• **Exercise description**:
Down to the last line, restate the records below word for word, dropping every image.

- - - - -

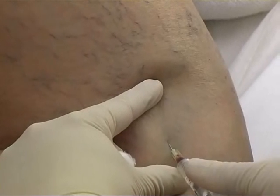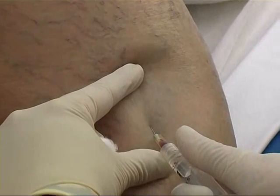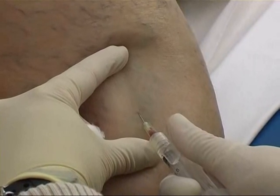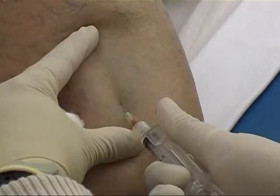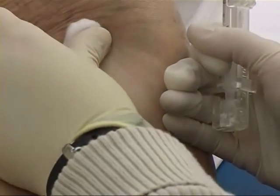Again, reticular varices are injected before the telangiectases are attempted. This sclerotherapist stretches the skin with her left hand and empties the veins as the fluid is injected.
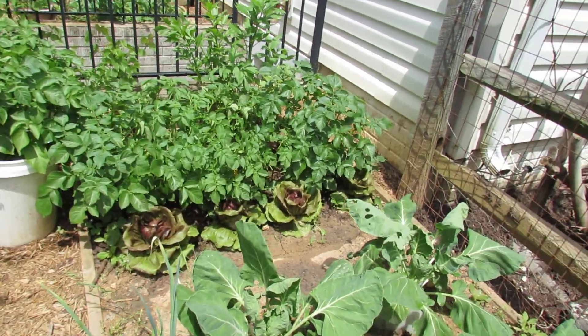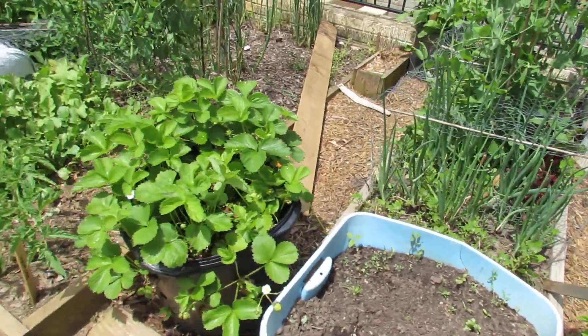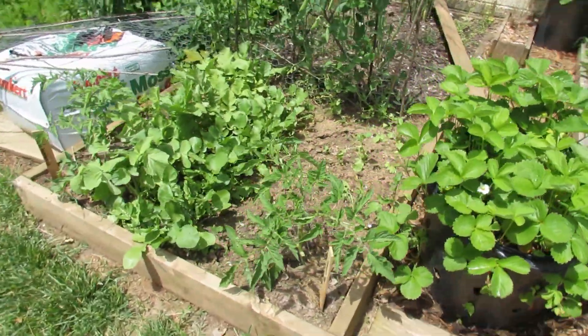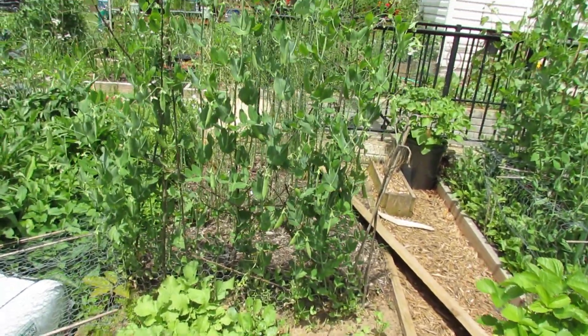That's radicchio right up front in there. Peas, lettuces, some more strawberries, a couple more tomatoes. Been eating the radishes and here's finally some more peas.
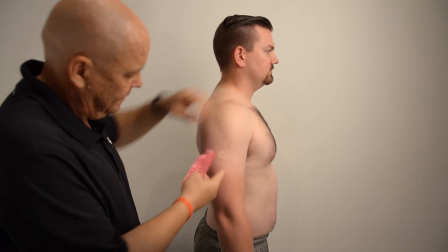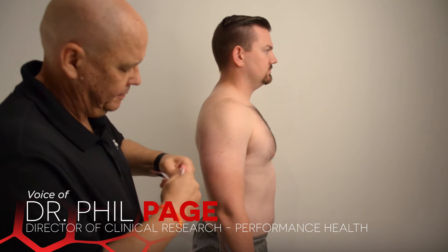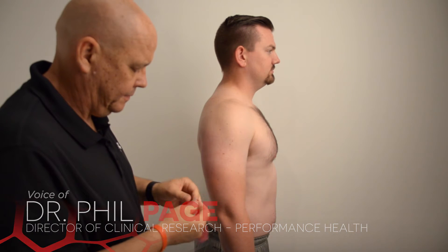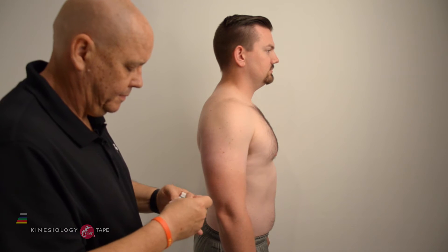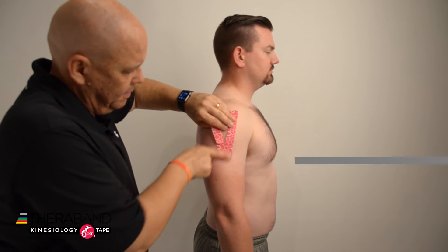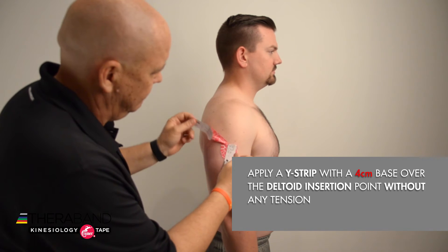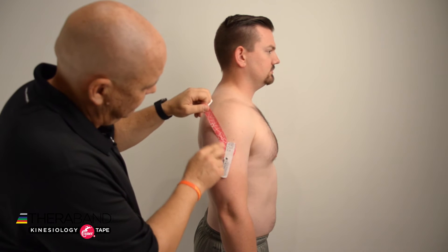I'll begin by identifying the deltoid outline. I'm going to take the Y strip and break the backing at the base about four centimeters below the Y tails. I'll apply that base right over where the deltoid inserts without any tension, then remove the paper backing on the Y strips until about two to four centimeters.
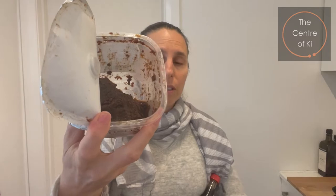And to show you, here is some miso. Miso is a fermented bean paste that is quite salty, and it's fermented over anywhere from six months up to two years.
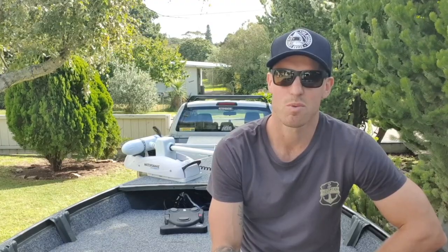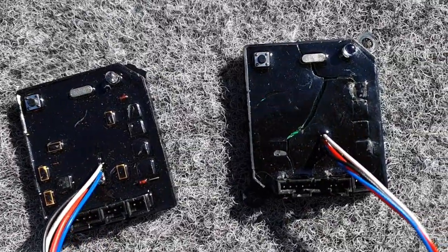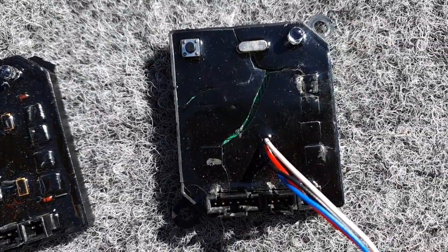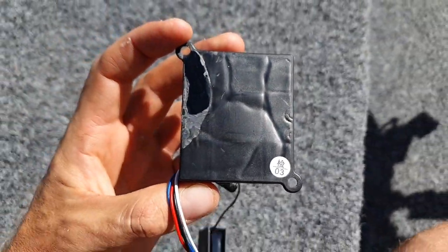So last Friday I dropped the boat in at Paddos, motored up to my favourite spot, went to drop the electric down and had no power. I couldn't get any power to the head, so I lifted the head back up, unscrewed it, and found my remote control receiver had cracks all through it and was melted on the bottom. So I pulled the boat out — no fishing — it was absolutely spewing.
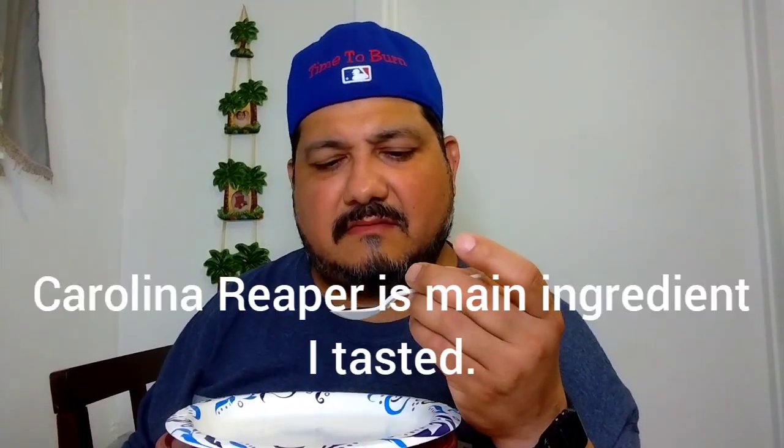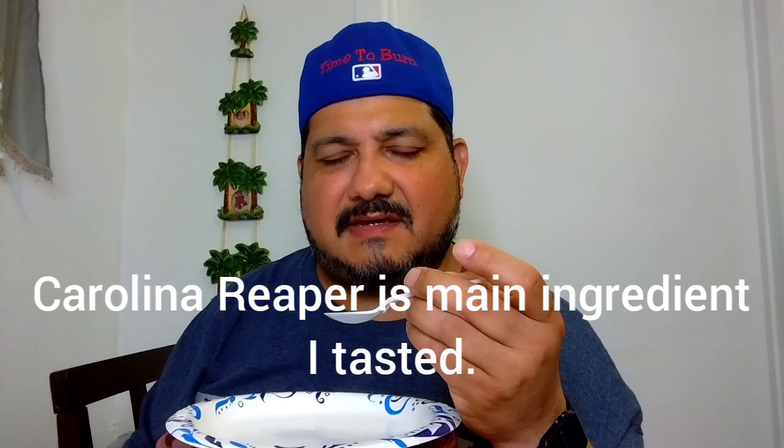It's kind of thick — pretty thick. Brown color. I really think it's going to be medium heat.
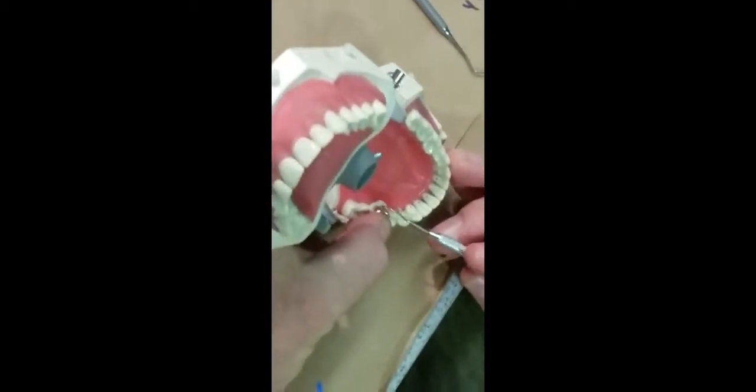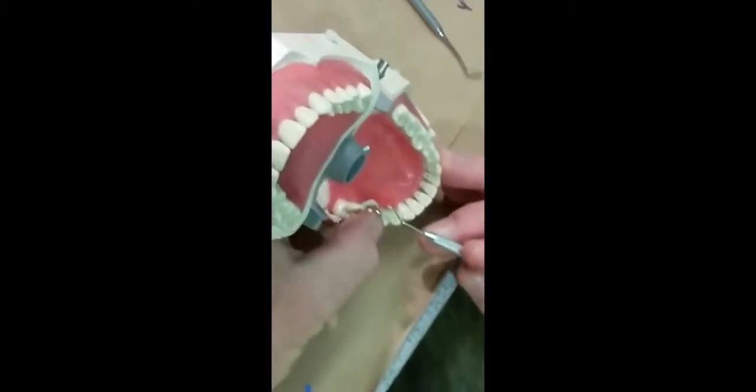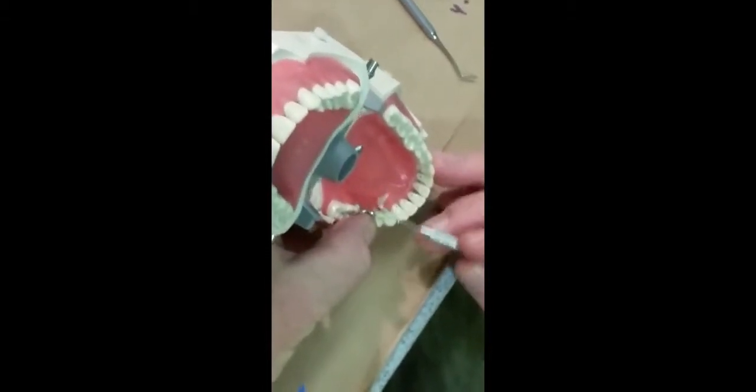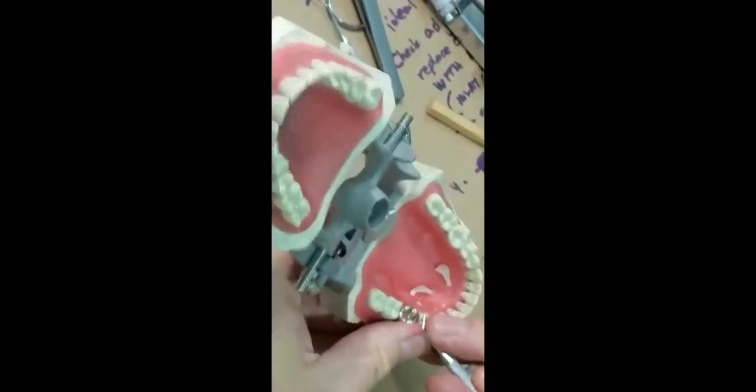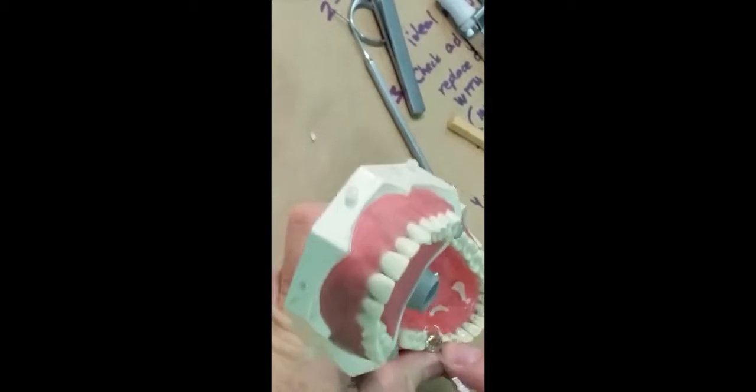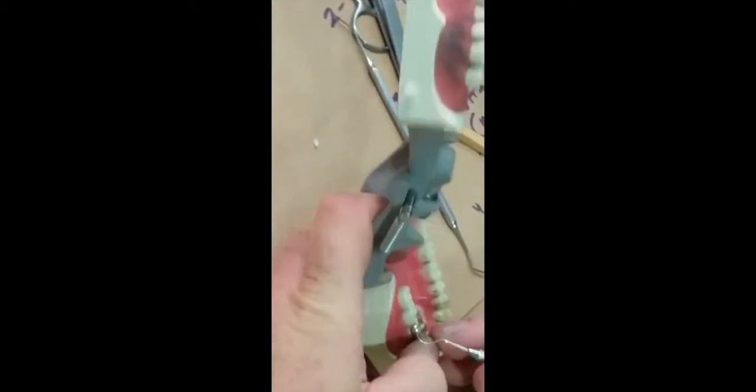When it gets to this kind of rubbery or flexible stage, that's when you want to peel it off of the tooth — buccally and lingually — and then push it through the proximal. Just take your floss and push it through. If it won't go through, pull it out to the buccal, pull it out to the lingual to get rid of the bulk of it, and then push through.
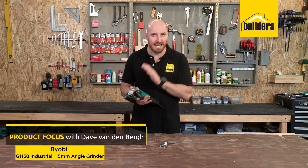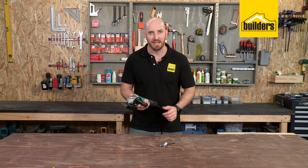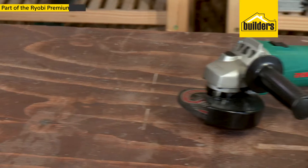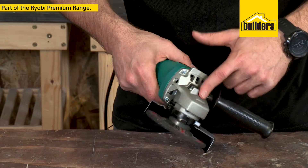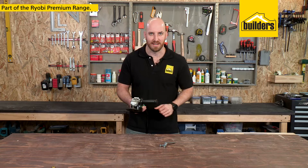This is the Ryobi G1158 industrial 115mm angle grinder. Massive power and built for tough work. This is the premium range with high end parts and mechanisms, coarse aluminium gear housing and an extended guarantee to back the heavy duty design.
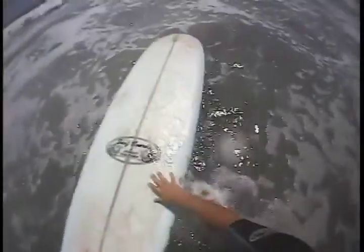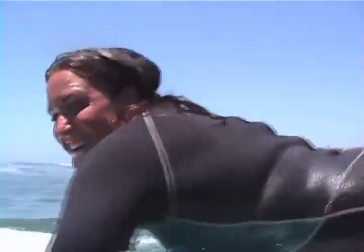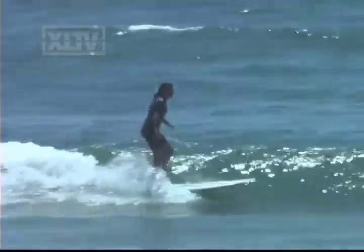Last time we looked at how to just catch a wave. This time we're going to put a little more style into it, and I'm going to talk you through how to cross step and get up to the nose. It's really important once you get into that sweet spot of the wave and stay in the pocket to slow down your board — you cross step up to get to the nose, putting a little style into it.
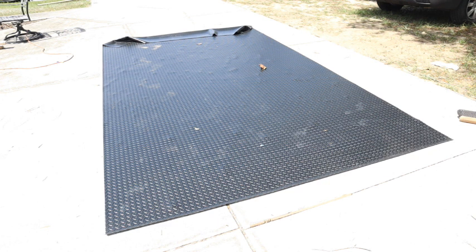Today I'm preparing to create the template so that I can cut the material that I'm going to lay on top of the wooden floor.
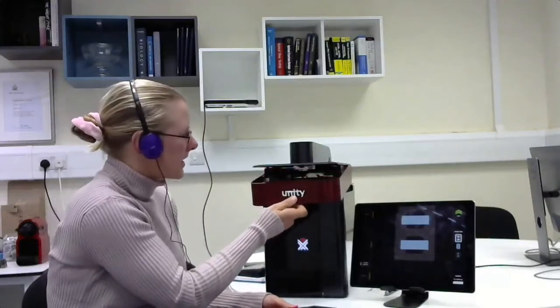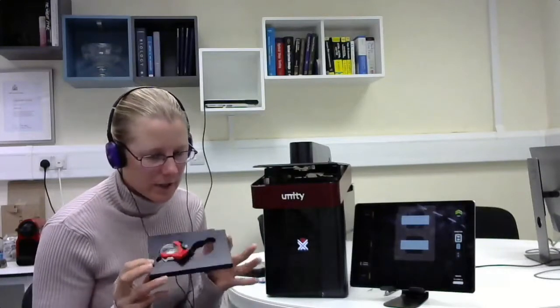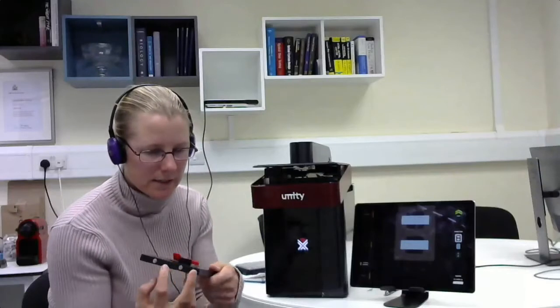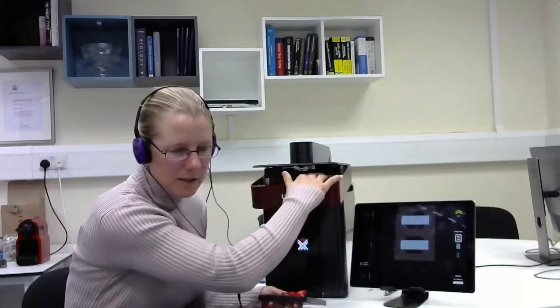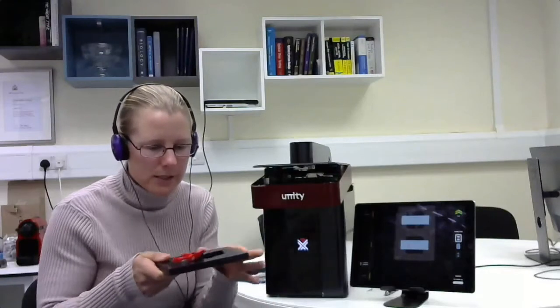So the front of Unity - here is the sample stage, and this is where the sample goes in. We have a range of sample holders: the Petri dish holder, the multi-well plate holder, and at the moment I've got the two-slide holder inserted. These are inserted into the XY stage and located by just a couple of magnets on the system, so they're just held gently in place. The stage itself rests on a glass platform, and our XY stage moves the sample holder around like a hockey puck on ice.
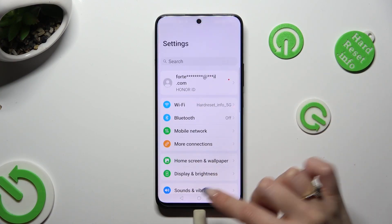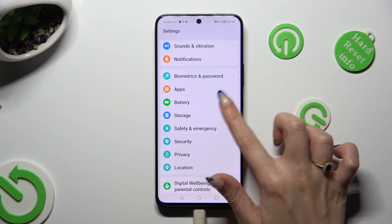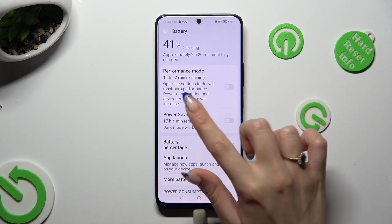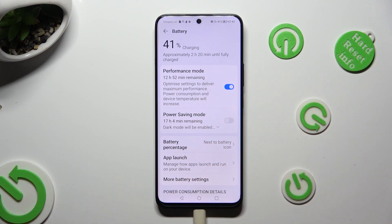Firstly, go into settings and scroll down to access battery. Then click on the grey switcher next to performance mode. As you can see, high performance is now on, but you can always switch it off by tapping on the same switcher again.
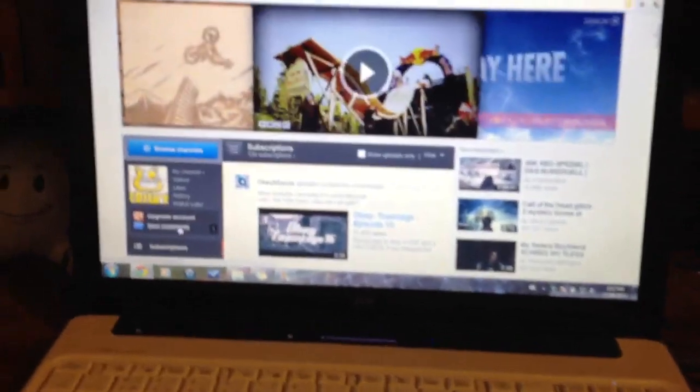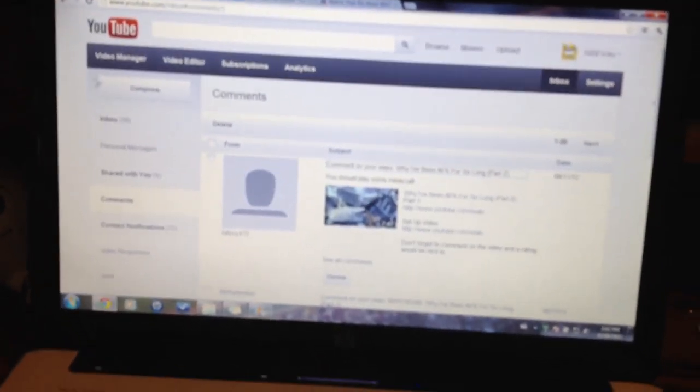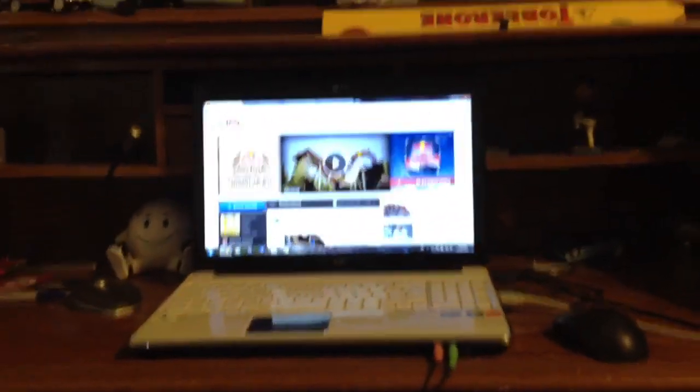New comment from Fatboy472: I should play some Minecraft. Well, my computer — as you can tell, it's just a laptop — it can't handle it.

- - - - -

• **Reply**:
Again, reticular varices are injected before the telangiectases are attempted. This sclerotherapist stretches the skin with her left hand and empties the veins as the fluid is injected.
That's radicchio right up front in there. Peas, lettuces, some more strawberries, a couple more tomatoes. Been eating the radishes and here's finally some more peas.
I'll begin by identifying the deltoid outline. I'm going to take the Y strip and break the backing at the base about four centimeters below the Y tails. I'll apply that base right over where the deltoid inserts without any tension, then remove the paper backing on the Y strips until about two to four centimeters.
And to show you, here is some miso. Miso is a fermented bean paste that is quite salty, and it's fermented over anywhere from six months up to two years.
So last Friday I dropped the boat in at Paddos, motored up to my favourite spot, went to drop the electric down and had no power. I couldn't get any power to the head, so I lifted the head back up, unscrewed it, and found my remote control receiver had cracks all through it and was melted on the bottom. So I pulled the boat out — no fishing — it was absolutely spewing.
It's kind of thick — pretty thick. Brown color. I really think it's going to be medium heat.
When it gets to this kind of rubbery or flexible stage, that's when you want to peel it off of the tooth — buccally and lingually — and then push it through the proximal. Just take your floss and push it through. If it won't go through, pull it out to the buccal, pull it out to the lingual to get rid of the bulk of it, and then push through.
This is the Ryobi G1158 industrial 115mm angle grinder. Massive power and built for tough work. This is the premium range with high end parts and mechanisms, coarse aluminium gear housing and an extended guarantee to back the heavy duty design.
Last time we looked at how to just catch a wave. This time we're going to put a little more style into it, and I'm going to talk you through how to cross step and get up to the nose. It's really important once you get into that sweet spot of the wave and stay in the pocket to slow down your board — you cross step up to get to the nose, putting a little style into it.
Today I'm preparing to create the template so that I can cut the material that I'm going to lay on top of the wooden floor.
So the front of Unity - here is the sample stage, and this is where the sample goes in. We have a range of sample holders: the Petri dish holder, the multi-well plate holder, and at the moment I've got the two-slide holder inserted. These are inserted into the XY stage and located by just a couple of magnets on the system, so they're just held gently in place. The stage itself rests on a glass platform, and our XY stage moves the sample holder around like a hockey puck on ice.
Firstly, go into settings and scroll down to access battery. Then click on the grey switcher next to performance mode. As you can see, high performance is now on, but you can always switch it off by tapping on the same switcher again.
New comment from Fatboy472: I should play some Minecraft. Well, my computer — as you can tell, it's just a laptop — it can't handle it.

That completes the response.